At least 24 of the BGP men were sent to hospitals in neighboring Cox’s Bazar district to be treated for their wounds, officials said.
“We have been maintaining uninterrupted communication with [Myanmar], and the deputy foreign minister of Myanmar talked to our ambassador [in Myanmar] this morning. They will take their nationals back; I mean they will repatriate the BGP members who have come here,” Mahmud told reporters at the ministry on Monday.
The BGP members who fled into Bangladesh abandoned their posts as the Arakan Army insurgents closed in to capture their camp in Maungdaw township.
“There is a possibility that more BGP members would enter,” said the minister.
“We have been discussing the modalities of their return: whether they will be sent back by air or by boat.”=
The anti-junta Arakan Army seized an outpost manned by the military-affiliated BGP along western Myanmar’s border with Bangladesh on Sunday, confiscating arms and equipment, according to residents and an alliance of ethnic rebels.
The attack marked the latest blow to Myanmar’s military in Rakhine state, where the ethnic Arakan Army, or AA, ended a ceasefire in November that had been in place since the junta assumed power in a Feb. 1, 2021, coup d’etat.
The AA took control of the Taung Pyo Let Yar outpost in Maungdaw township on Sunday afternoon, taking prisoners and prompting nearly scores of fighters with the Border Guard Force, to flee towards the border, the Three Brotherhood Alliance – of which the AA is a member – said in a statement.
The statement by the alliance, which also includes the Ta’ang National Liberation Army, and the Myanmar National Democratic Alliance Army, said that AA fighters were killed in the battle, although it did not provide details of the number of casualties.
In Naikhongchhari upazila, a sub-district of Bandarban district, residents of Bangladeshi villages said they could hear gun and artillery fire from the fighting across the border, and saw at least one Burmese military helicopter launch a strike nearby.
Police identified the two victims who died in the mortar explosion as Hosne Ara, 50, a local resident, and Nobi Hossain, 65, a Rohingya laborer who was working at her house.
“Firing and shelling had intensified since the morning. Suddenly, a mortar shell landed in my sister’s house and exploded. She died,” Shah Alam, Hosne Ara’s brother, told BenarNews on Monday.
Iman Hossain, the son of the dead Rohingya laborer, said his family had received the news that his father was killed in the explosion.
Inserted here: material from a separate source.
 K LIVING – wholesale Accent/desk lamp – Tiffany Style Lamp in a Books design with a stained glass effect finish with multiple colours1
“We came to Bangladesh from Myanmar to save our lives. But my father died in a Myanmar mortar shell [explosion]. What else can be more painful than this?” Nobi Hossain told BenarNews.
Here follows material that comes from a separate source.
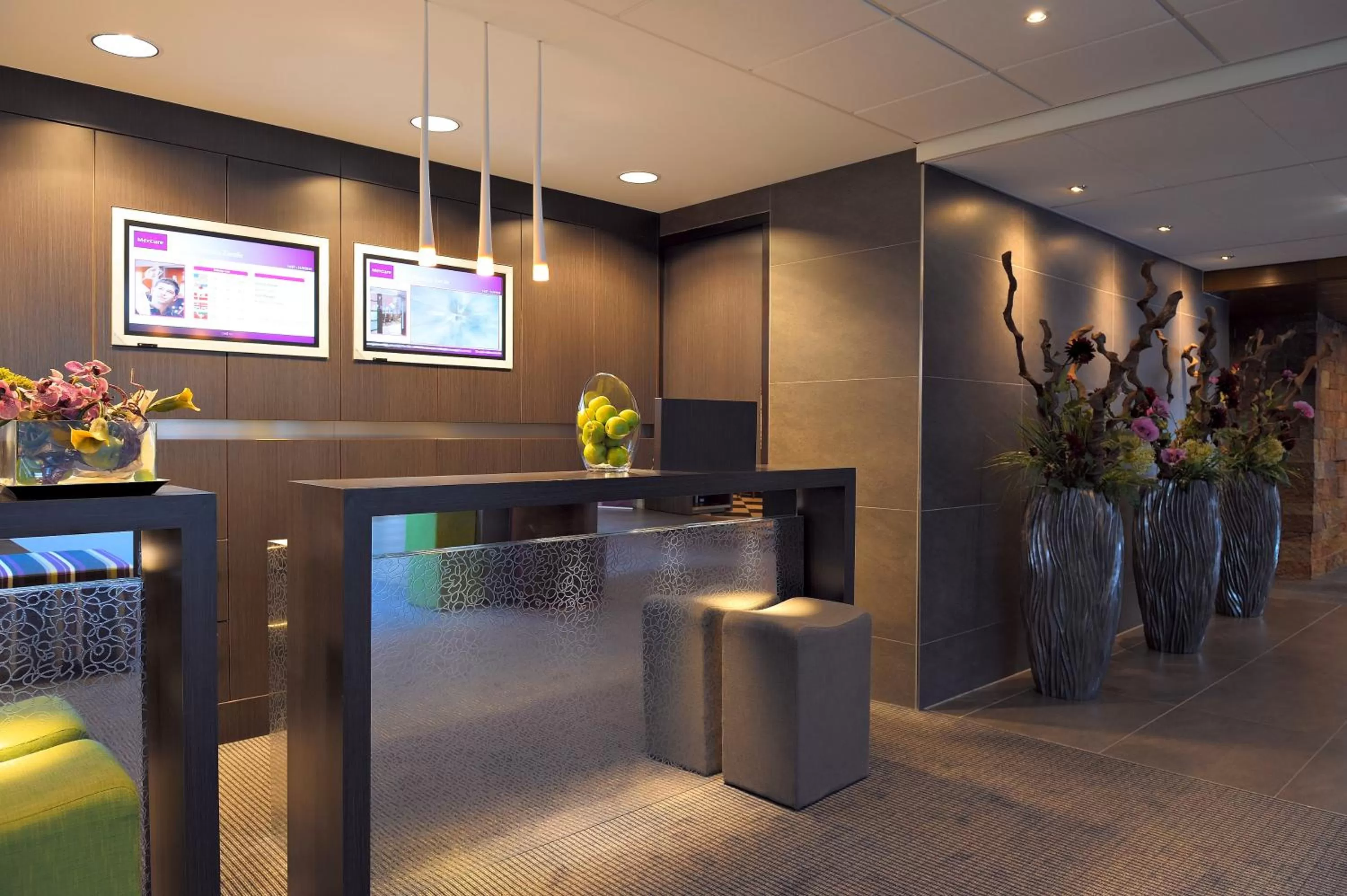 Lobby or reception in Mercure Hotel Zwolle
Shariful Islam, a spokesman for the Border Guard Bangladesh (BGB), said the BGP members who fled into Bangladesh via the Tombru crossing had been disarmed and detained.
Residents of Tombru and four other villages in the area told BenarNews that the mortar and artillery fire was keeping them awake all night. Five local primary schools and a madrassa, an Islamic boarding school, have been closed since the fighting moved nearby, they said.
“We have seen [aircraft] of the Myanmar military. Intermittent firing has been going on. We are shifting to a safe shelter,” Momtaz Begum, a resident of Joypaitoli village in Ghundhum, told BenarNews.
On Sunday, three local residents were injured by gunfire coming from across the border, residents said.
The fighting in Rakhine has also forced hundreds of people, including Rohingya and Chakma tribespeople, to flee and many were seen on Monday attempting to enter Bangladesh.
The BGB said it did not allow them in.
“The conflict between junta forces and the Arakan Army has caused food shortages among the people living along the Myanmar border,” Mizanur Rahman, Bangladesh’s refugee relief and repatriation commissioner, told BenarNews.
“People have been trying to enter Bangladesh,” he said.
He urged international agencies to extend support to the affected people so they don’t come into Bangladesh.
“Already we are overburdened with one million Rohingya people,” he said, referring to the Rohingya refugee population in the country.
Kamran Reza Chowdhury in Dhaka and RFA Burmese, part of BenarNews-affiliated Radio Free Asia, contributed to this report.